> Aim of the task
Everything from the line containing "elegant Mens in" through the final line below must be output exactly, both ends included, with nothing else and no pictures.
-*-
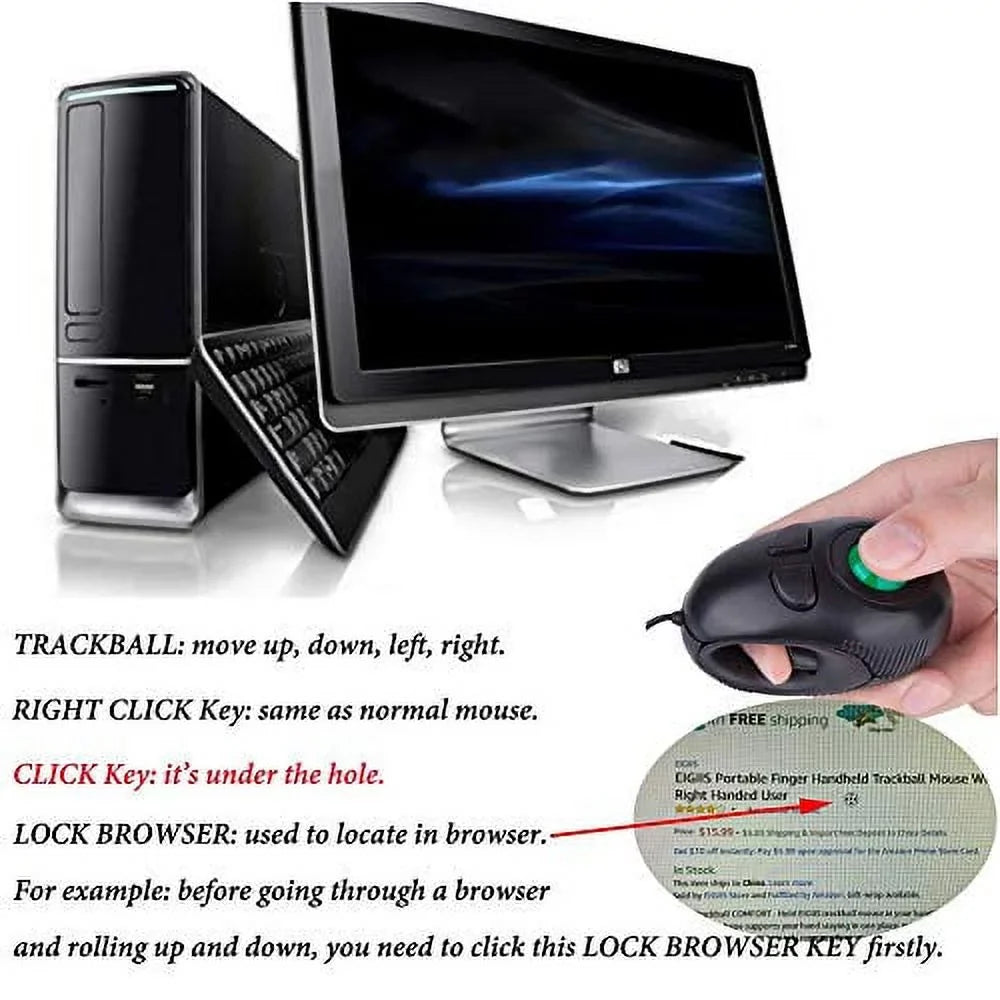 Mini Input_Mouse Handheld Eigiis Window Portable Os Ergonomic Trackball Mouse Computer Left Finger For Travel Pc Usb Mac Unix Right Laptop Mice Handed Linux Wired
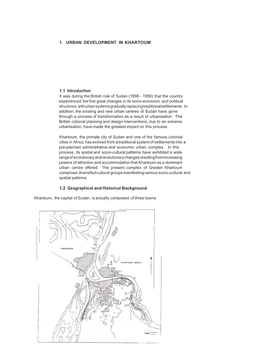 Khartoum Urban Housing Profile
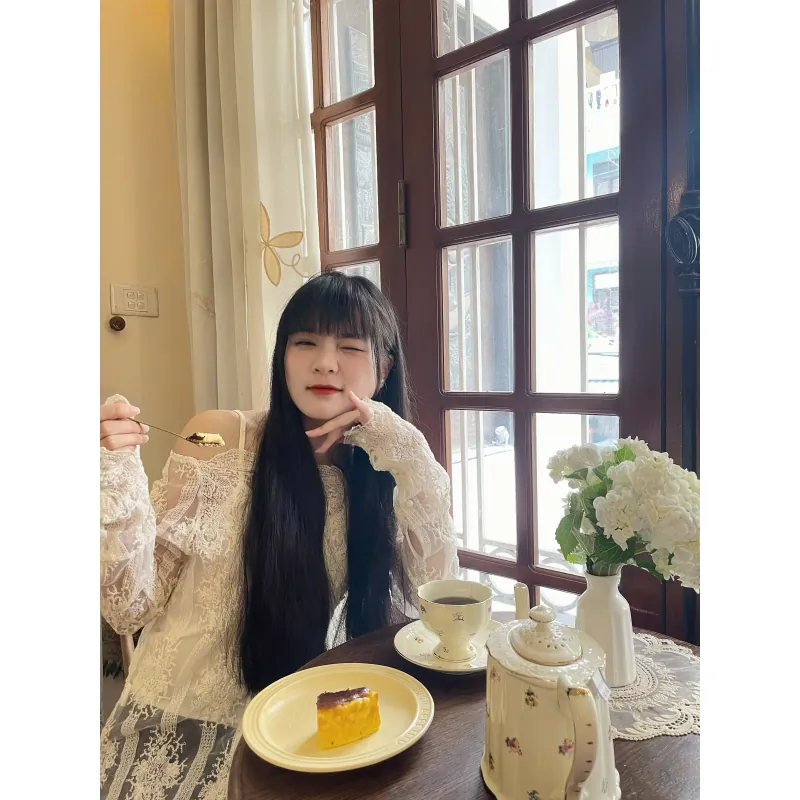 Set áo bánh bèo ren và 2 dây 789709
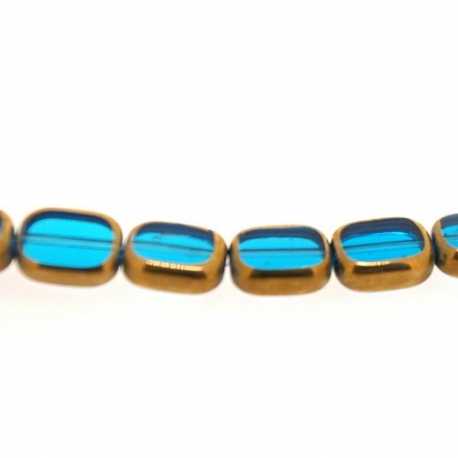 Framed kaal, goud, rechthoek, blauw, 10 x 7 mm (1 streng)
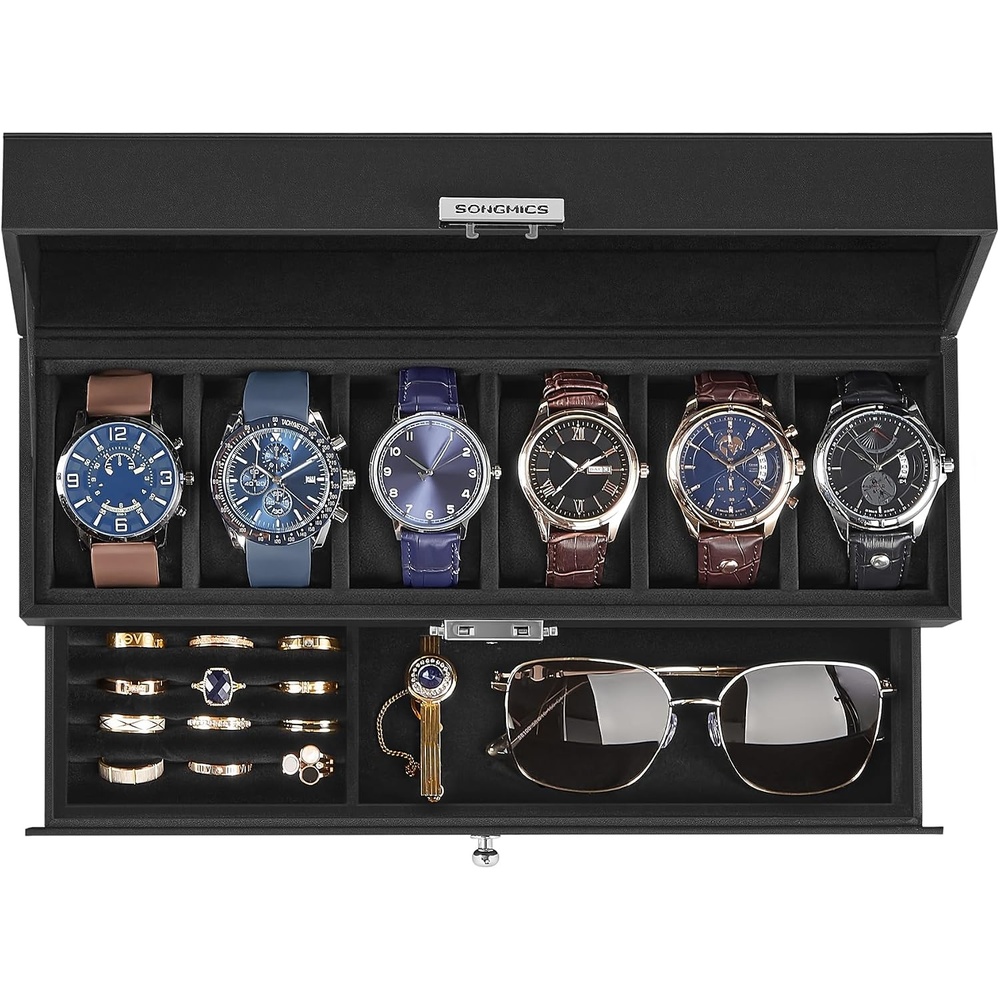image:imageSONGMICS Watch Box for Men 2Tier Case with 6 Slots and Glass LidBlack Black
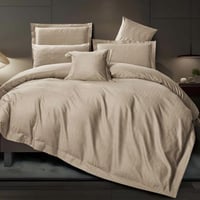 مفرش بابو صيفي مزدوج قطن فاخر لون بيج غامق 300 غرز...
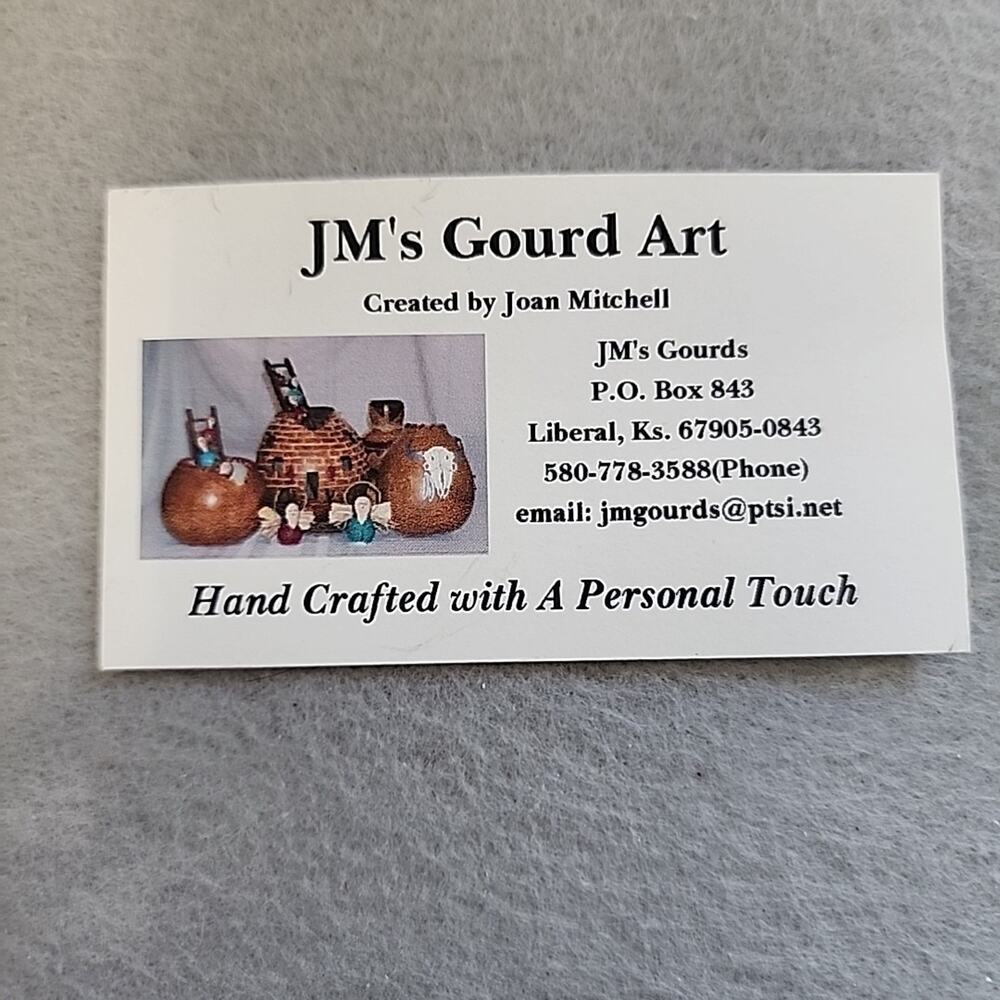 2004 SIGNED Southwestern Art Gourd Vase Painted Handmade Joan Mitchell KS - Picture 9 of 9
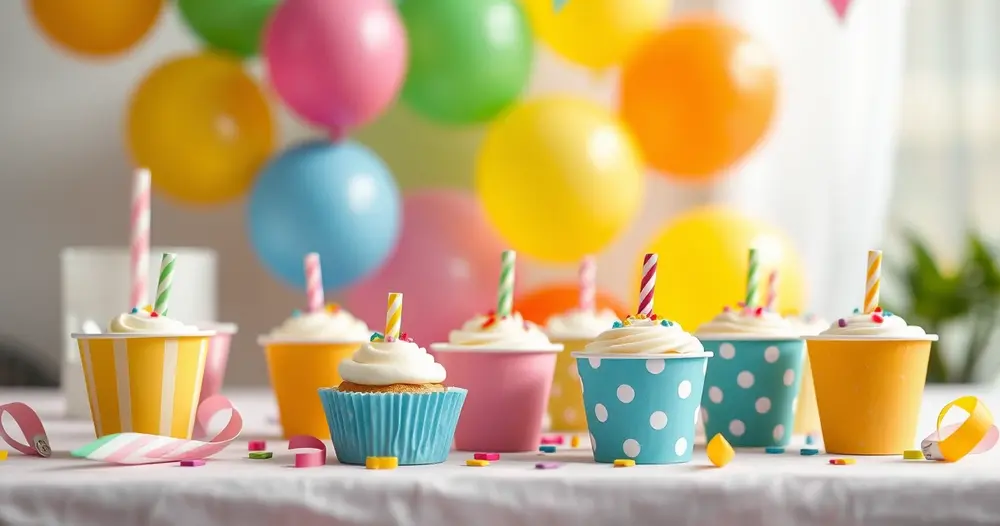 Mesa colorida de festa infantil com cupcakes, copos de papel e balões em tons pastel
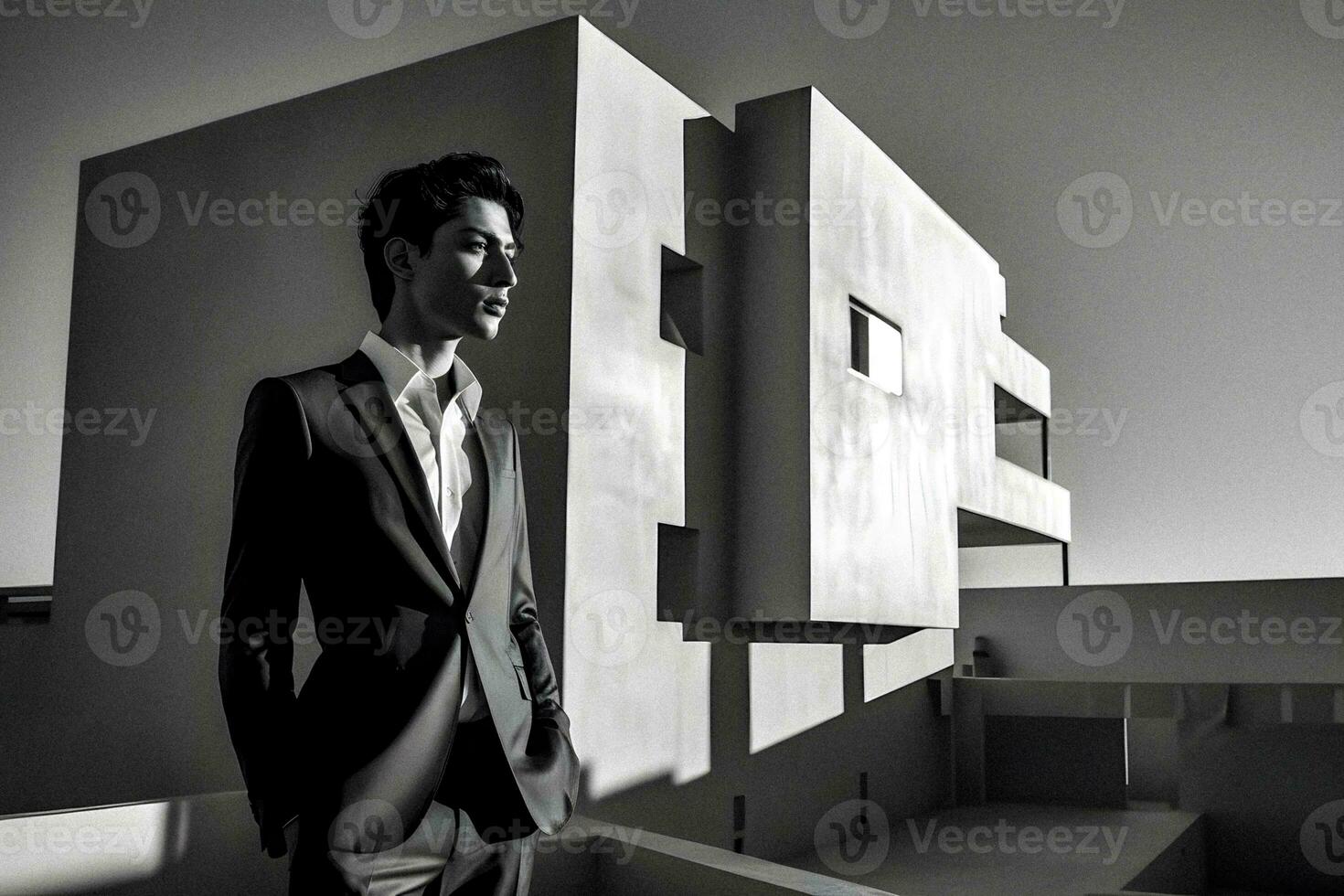 elegant Mens in zwart en wit pak tegen minimalistische architectuur en zonlicht, generatief ai foto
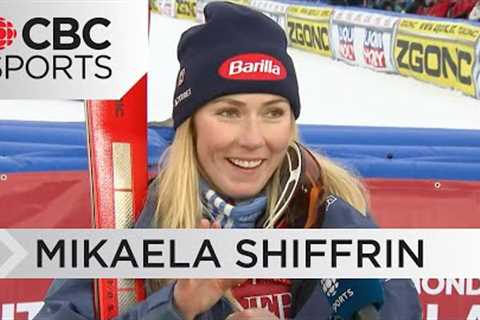 USA''s Mikaela Shiffrin has genuine reaction to CBC Radio-Canada reporter''s eyes during interview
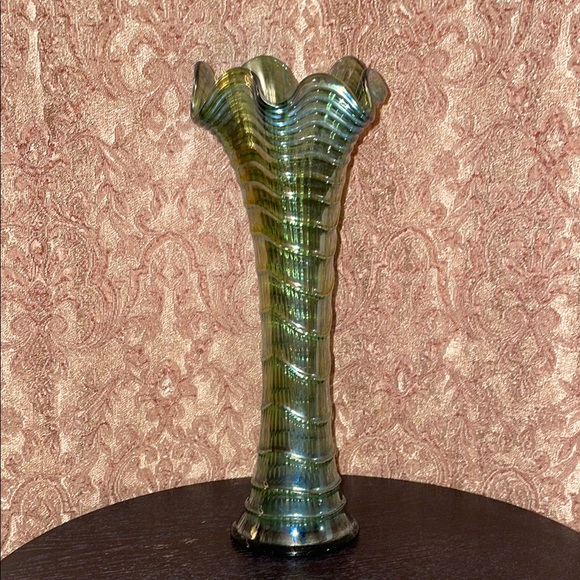 Imperial Carnival Glass Other - NWOT Vintage 1930’s Imperial Ripple Green Carnival Glass Vase.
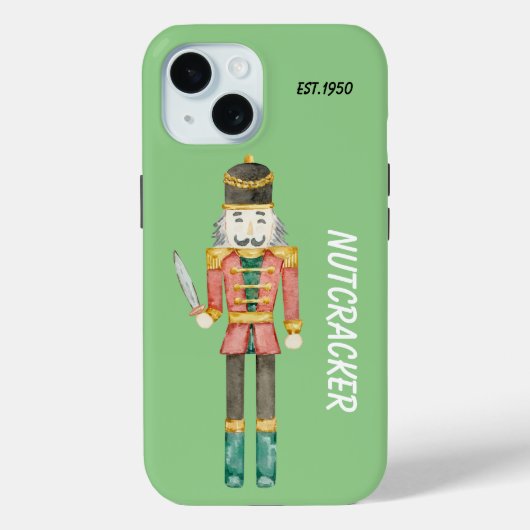 Monogram traditionele Notenkraker Schattige groen Case-Mate iPhone Case (Achterkant)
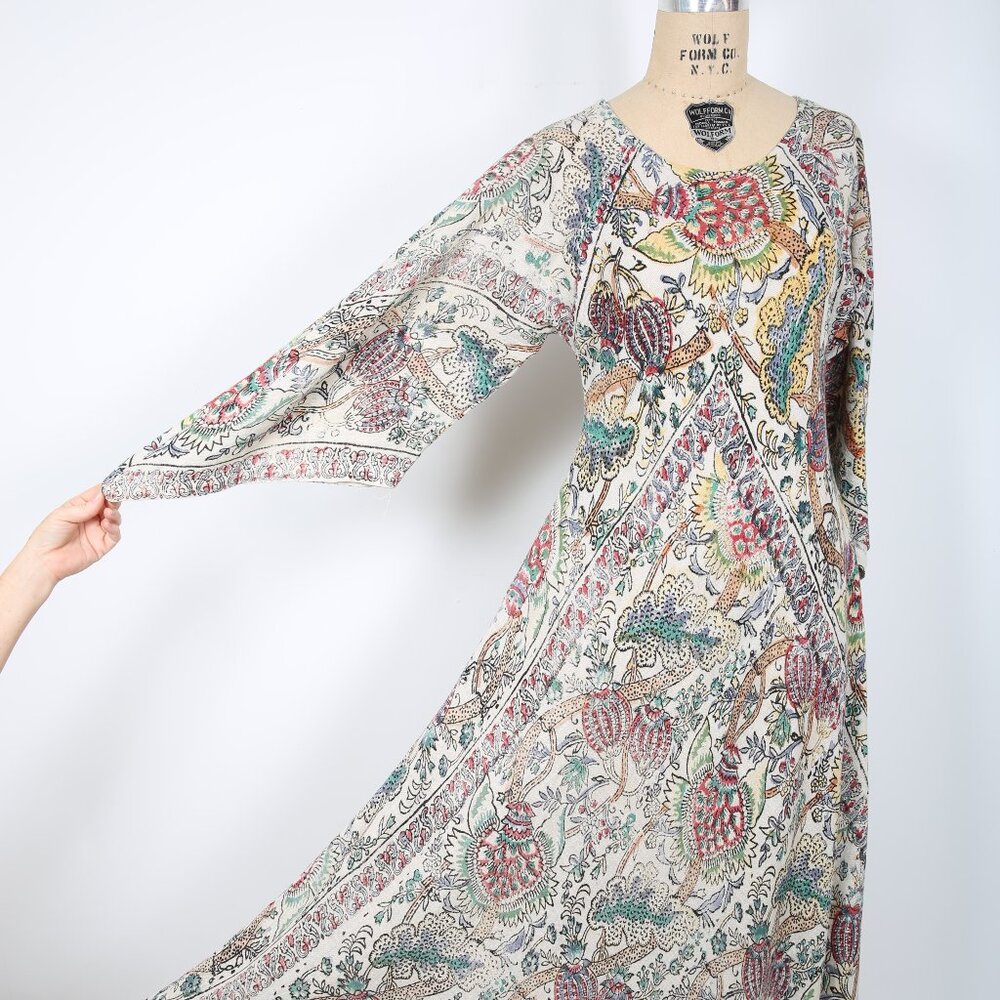 Vintage Caftan Floral Maxi Dress  Boho Hippie Bohemian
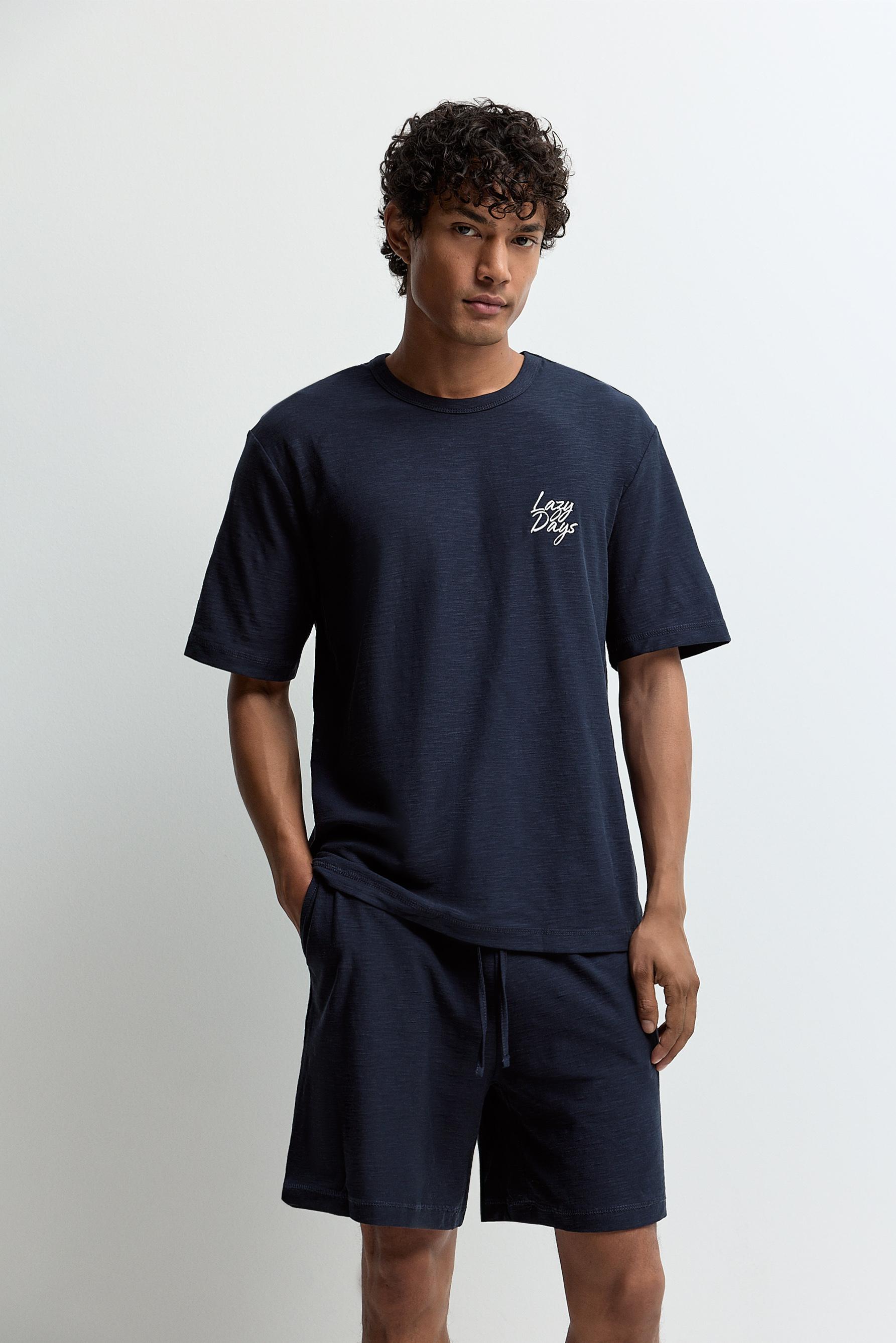 Embroidered short pyjamas — NAVY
-*-
> Result
 elegant Mens in zwart en wit pak tegen minimalistische architectuur en zonlicht, generatief ai foto
 USA''s Mikaela Shiffrin has genuine reaction to CBC Radio-Canada reporter''s eyes during interview
 Imperial Carnival Glass Other - NWOT Vintage 1930’s Imperial Ripple Green Carnival Glass Vase.
 Monogram traditionele Notenkraker Schattige groen Case-Mate iPhone Case (Achterkant)
 Vintage Caftan Floral Maxi Dress  Boho Hippie Bohemian
 Embroidered short pyjamas — NAVY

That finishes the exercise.